Route: Mittagong to Katoomba

Submitted by loumclifton on Thu, 11/27/2025 - 10:55pm
Location
New South Wales, AU
Distance
135 km
Vertical Gain
4,000 m
Description

The Mittagong to Katoomba (M2K) traverse is a remote, rugged, and rarely attempted route linking the Southern Highlands to the Blue Mountains. Traditionally completed by bushwalkers over several days, this line offers an adventurous ultra-distance challenge across fire trails, wild river crossings, historic mining ruins, and steep climbs in and out of the Coxs River valley.

The route has long been an iconic multi-day traverse. This version takes the fire-trail and road-based variant rather than the harder-to-navigate bushwalking route—still wild, still remote, but more runnable and feasible for fast-packing or FKT efforts.

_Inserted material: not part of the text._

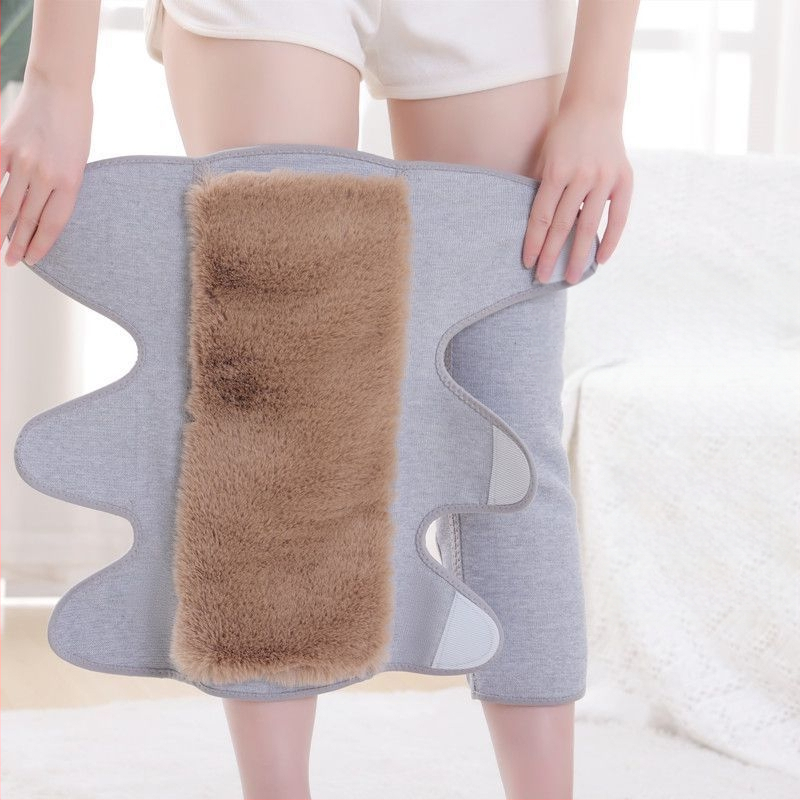 Genunchiere de iarnă din păr de cămilă, calde, rezistente la frig, pentru bărbați și femei, de vârstă mijlocie și vârstnici, căptușite cu fleece, îngroșate, rezistente la vânt, genunchiere, acoperă picioarele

Running it Mittagong → Katoomba offers a home-finish for Blue Mountains locals, but comes with more elevation gain and a brutal final third through the Coxs River valley and Narrow Neck.

The route begins at Mittagong Station, following singletrack through local reserves before joining Wombeyan Caves Road. After ~20 km of road and a short detour through bushland, the course drops steeply into Nattai National Park on dusty fire trails. The early kilometres are exposed, dry, and deceptively taxing.

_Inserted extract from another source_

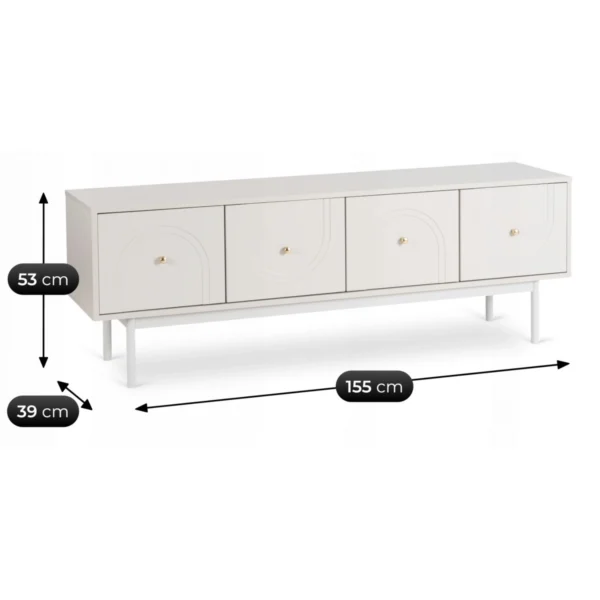 product-3694-7 Dulap RTV MARLEN 155 cm Cașmir — Comode TV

From here, the terrain rolls quickly toward the Wollondilly River, where a broad, shallow crossing breaks the run before pushing deeper into remote country. As night falls, the route passes through Yerranderie, a historic silver-mining township managed by NPWS, complete with basic facilities and tanks.

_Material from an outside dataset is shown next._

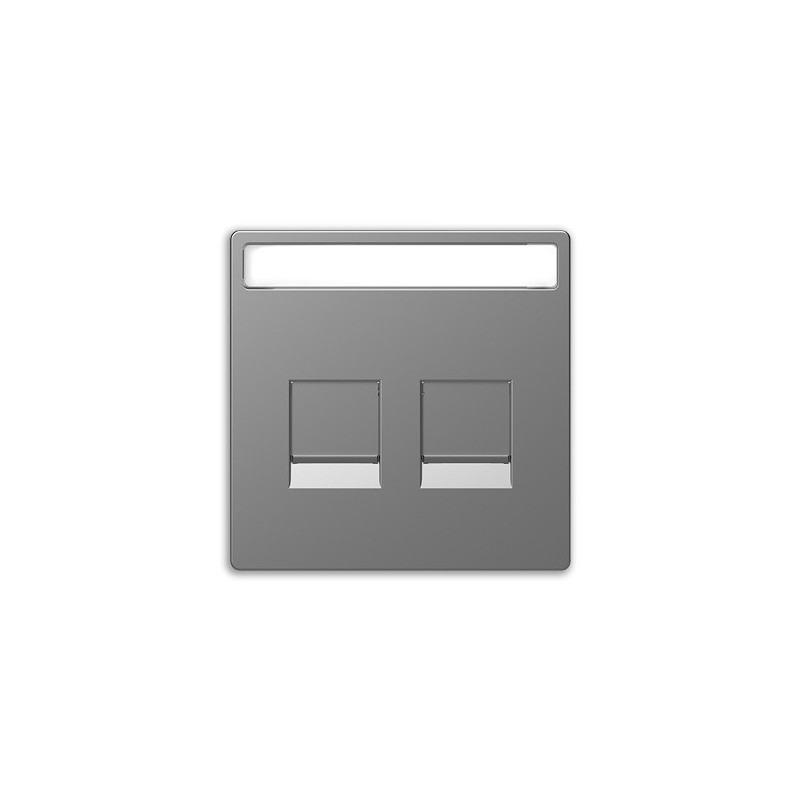 Tapa RJ45 doble Keystone D-Life Schneider MTN4564-6036 ALUMINIO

Beyond Yerranderie, the course traverses long, undulating fire trails before the rough and overgrown climb to Mount Cookem. A steep, scrub-choked descent drops into the Coxs River—your final major landmark before a massive climb out onto the fire trails toward Medlow Gap.

From Medlow Gap the route joins familiar Blue Mountains terrain but remains demanding. Depending on comfort with exposed scrambling on Tarros Ladder, runners can take the direct ladder route or detour via Duncan’s Pass. From Narrow Neck it’s a long but straightforward fire-trail run to the locked gate where the effort ends.